Task directions:
Only one range belongs in the answer: the line holding "Gucci GG Leather" through the last line of the records, reproduced as is.

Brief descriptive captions

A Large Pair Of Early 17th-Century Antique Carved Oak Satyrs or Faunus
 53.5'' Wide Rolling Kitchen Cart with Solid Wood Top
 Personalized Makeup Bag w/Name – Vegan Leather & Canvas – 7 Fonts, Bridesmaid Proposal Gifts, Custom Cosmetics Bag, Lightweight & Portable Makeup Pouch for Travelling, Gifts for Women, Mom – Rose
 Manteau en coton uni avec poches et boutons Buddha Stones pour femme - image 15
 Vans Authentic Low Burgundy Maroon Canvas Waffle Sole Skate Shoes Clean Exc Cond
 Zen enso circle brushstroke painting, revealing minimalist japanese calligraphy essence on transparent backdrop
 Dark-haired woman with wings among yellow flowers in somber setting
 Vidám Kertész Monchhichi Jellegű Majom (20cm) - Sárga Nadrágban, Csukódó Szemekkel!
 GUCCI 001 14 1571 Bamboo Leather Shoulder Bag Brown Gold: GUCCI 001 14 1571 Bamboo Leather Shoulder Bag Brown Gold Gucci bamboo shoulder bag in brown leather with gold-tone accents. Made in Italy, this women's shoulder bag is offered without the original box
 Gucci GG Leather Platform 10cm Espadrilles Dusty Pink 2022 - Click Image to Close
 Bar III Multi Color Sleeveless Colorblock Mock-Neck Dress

Task answer:
 Gucci GG Leather Platform 10cm Espadrilles Dusty Pink 2022 - Click Image to Close
 Bar III Multi Color Sleeveless Colorblock Mock-Neck Dress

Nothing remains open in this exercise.